Even before going around back to see what the roof had to show, I was able to confidently say to my client that I suspected a second layer of shingles over the first. The roof looked newer, but the plumbing penetration sleeve was covered with black goop.
"How do you know that?" was her question.
My answer - "Experience."
Roof tar, or what I call "black goop," is what a non-professional will use for roof repairs. It does not last long, being deteriorated by the sun's UV rays, and it cracks and leaks.
Even from the ground my client could see the black goop, front and rear, slathered all over the plumbing penetration sleeve.
Why do they do this? Because they wanted to put a second shingle layer over the first without having to fit new sleeves under the first layer. Too much work! So they sealed previous cracks or gaps on the old sleeves with the tar.
The second layer of shingles is clearly visible at the lower left.
Black goop is a fine product, when used UNDER things like the edges of a ridge vent, an attic fan or other flashed locations on a roof. But it should be hidden from the sun. If so, it lasts a very long time and is an excellent sealer. Professional roofers use it! But they use it properly!
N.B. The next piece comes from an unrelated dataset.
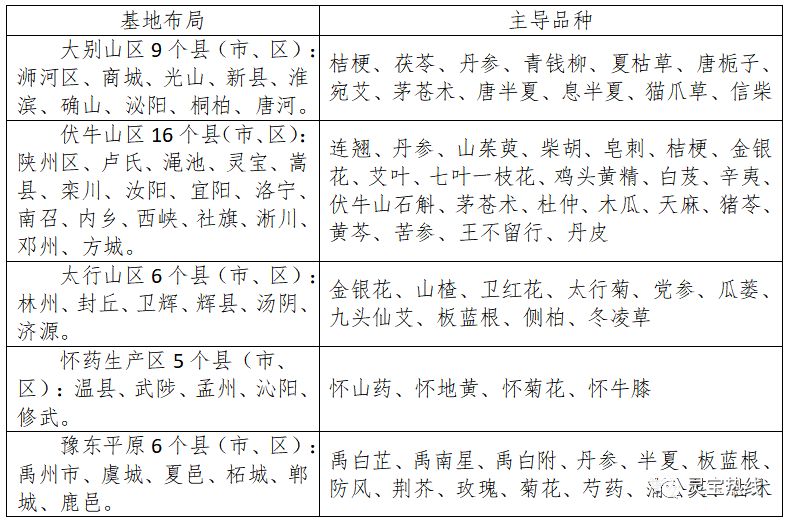 最新靈寶市領(lǐng)導(dǎo)分工表公布，觀點(diǎn)論述與分工細(xì)節(jié)全解析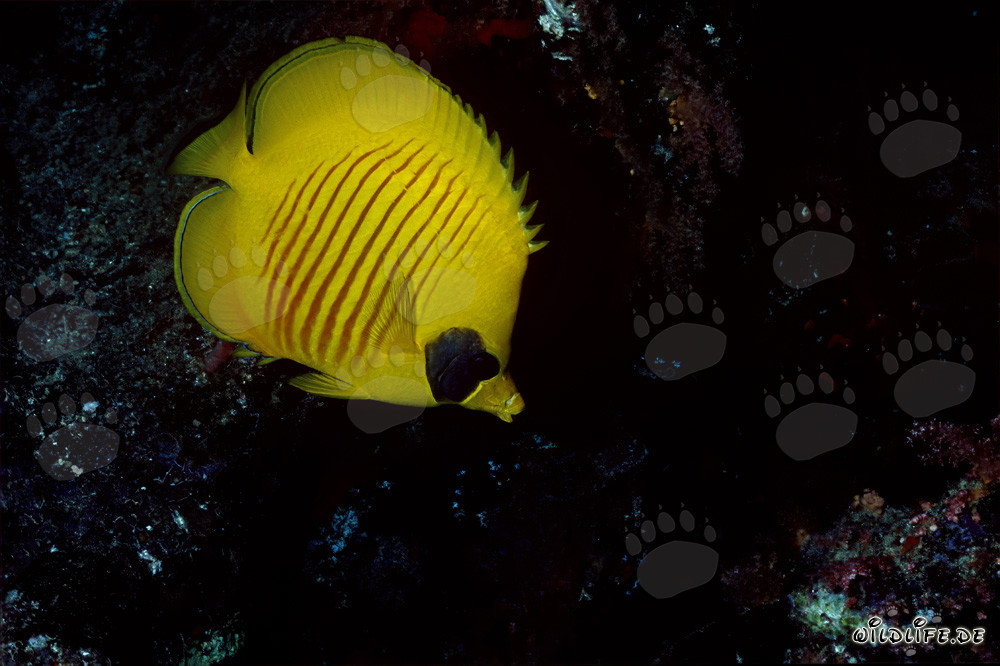 Discover the Masked Butterflyfish in the Coral Reefs of the Red Sea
The next door neighbor had also re-shingled the house. Their roofer, an obvious professional, cut the shingles properly and protected the plumbing penetrations with new sleeves.
Showing my client the contrast with a side-to-side comparison was an immediate and valuable object lesson in proper roofing.
When I see black goop improperly used, it is an immediate red flag.
And when we could see the leaking and rotting of the roof from the inside the attic, my concerns were warranted.
A second layer of shingles is not necessarily a bad thing. It is commonly done. But it must be done properly or the homeowner is set up for future problems. Thinking that there is a new roof homeowners are lulled into a false security and unconcerned about what can be a brewing problem.
My recommendation: look for black goop! And if you see it, look also for other signs of unprofessional work. You are likely to find them!